**What is expected**.
Retype, with no pictures, each line from the one that holds "5.14：黄金白银还需要再来一次下踩，二次测试关键支撑位" through the last line of the entries below, both included.

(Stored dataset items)

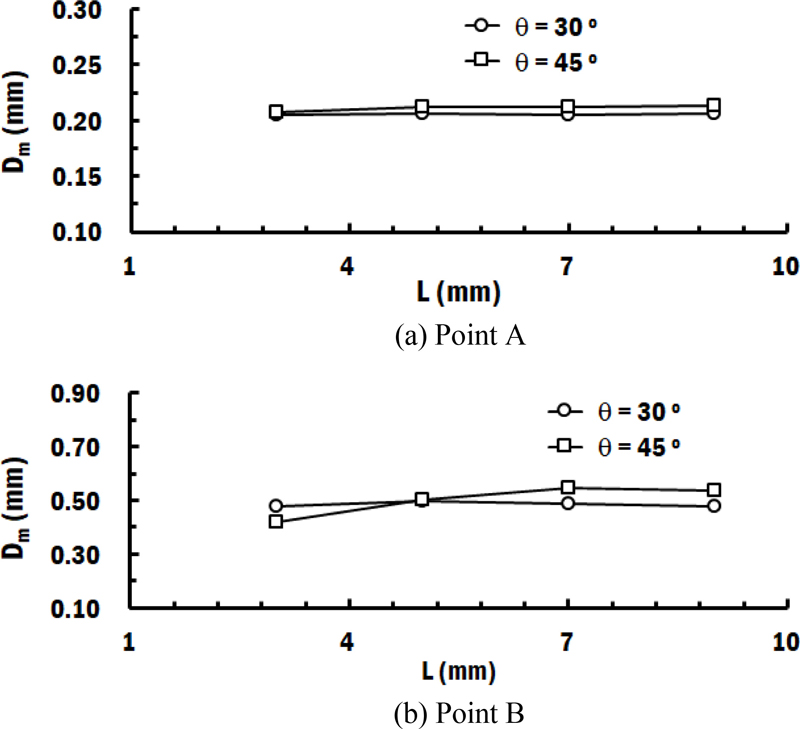 Fig. 12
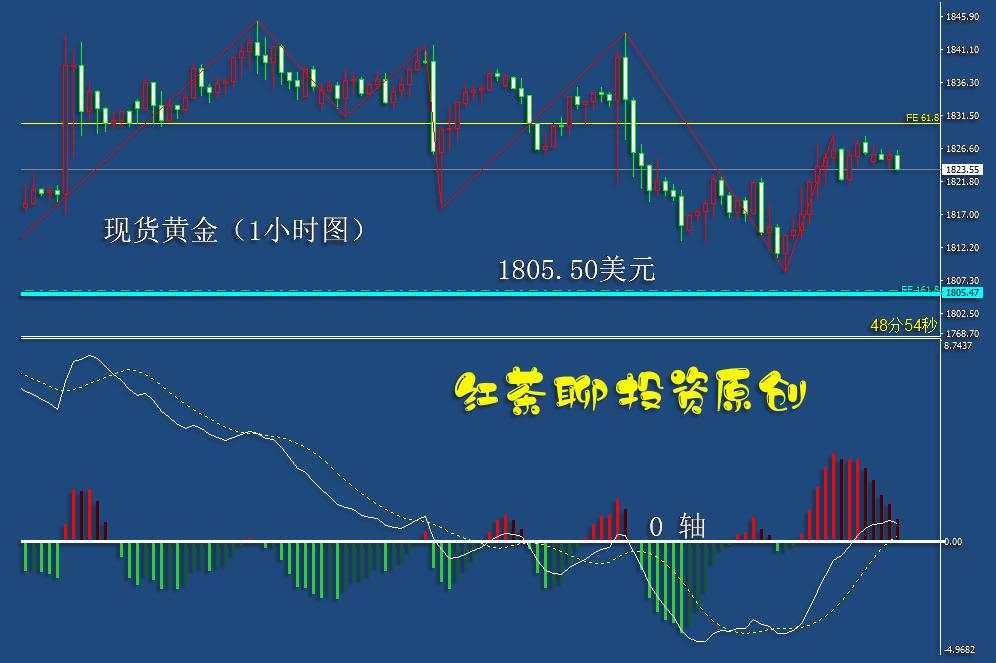 5.14：黄金白银还需要再来一次下踩，二次测试关键支撑位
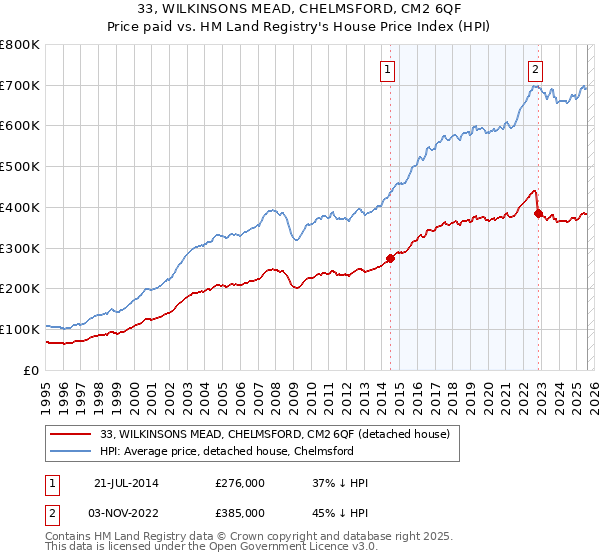 33, WILKINSONS MEAD, CHELMSFORD, CM2 6QF: Price paid vs HM Land Registry's House Price Index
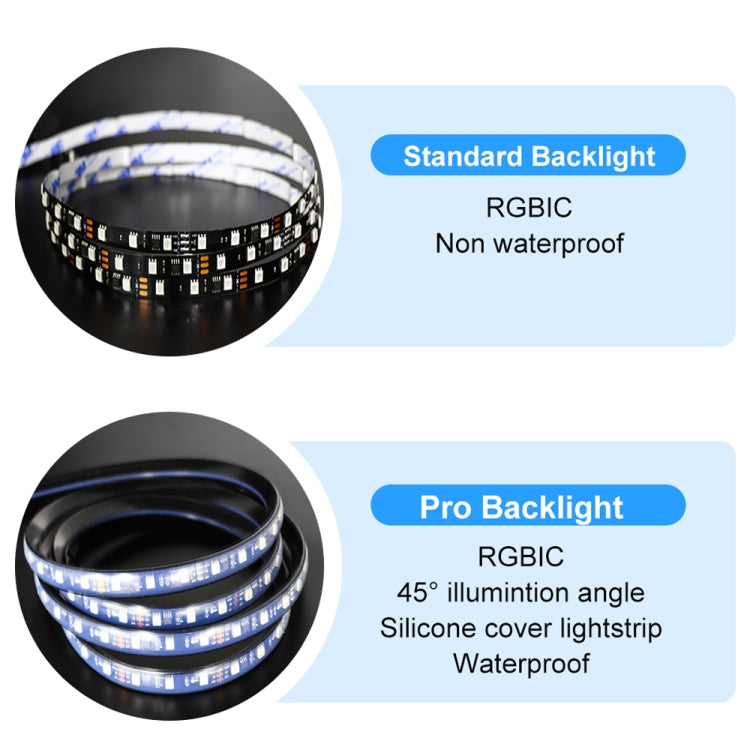 HDMI 2.0-PRO Smart Ambient TV Led Backlight Led Strip Lights Kit Work With TUYA APP Alexa Voice Google Assistant 2 x 4m(AU Plug) - Casing Waterproof Light by PMC TechLife | Online Shopping South Africa | PMC TechLife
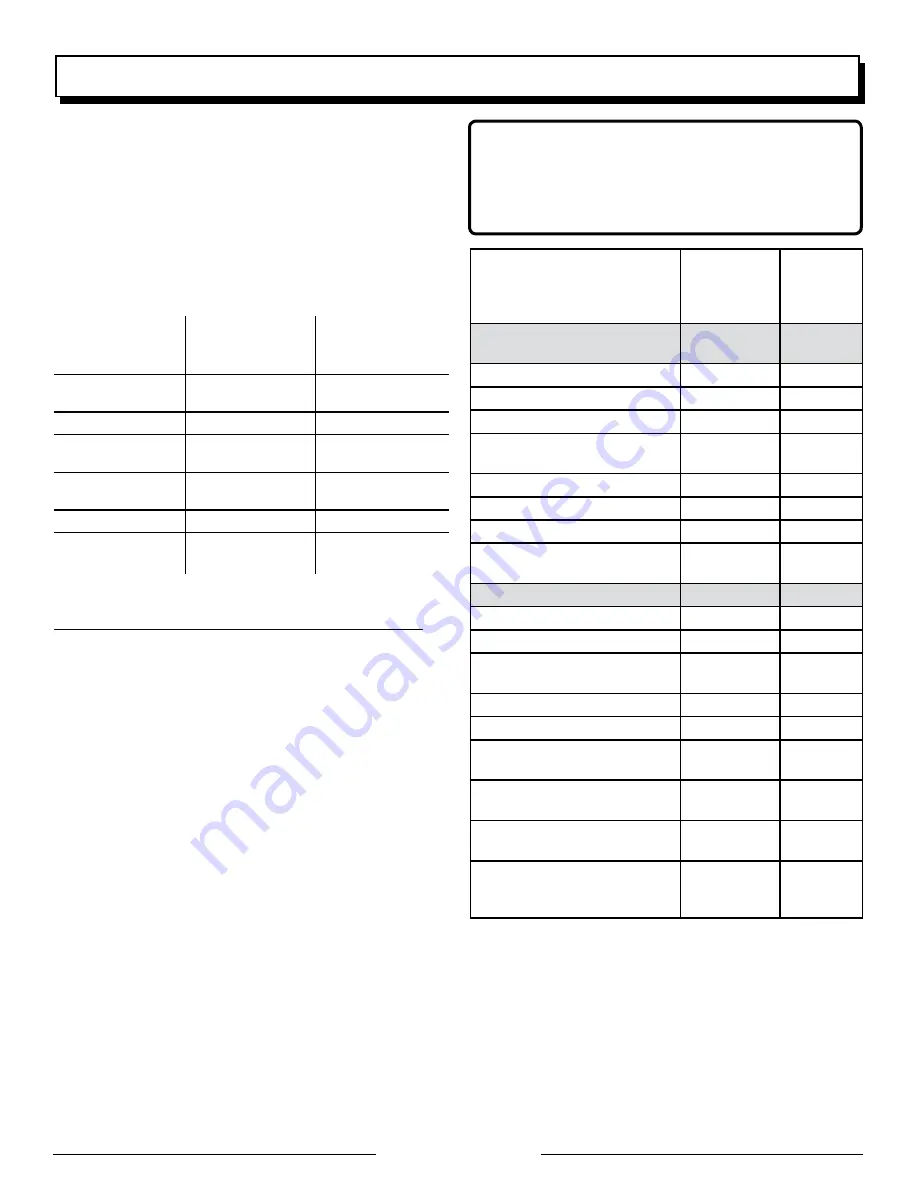 Power Stroke PS906800 Series Operator'S Manual Download Page 35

**Response to the exercise**.
 5.14：黄金白银还需要再来一次下踩，二次测试关键支撑位
 33, WILKINSONS MEAD, CHELMSFORD, CM2 6QF: Price paid vs HM Land Registry's House Price Index
 HDMI 2.0-PRO Smart Ambient TV Led Backlight Led Strip Lights Kit Work With TUYA APP Alexa Voice Google Assistant 2 x 4m(AU Plug) - Casing Waterproof Light by PMC TechLife | Online Shopping South Africa | PMC TechLife
 Power Stroke PS906800 Series Operator'S Manual Download Page 35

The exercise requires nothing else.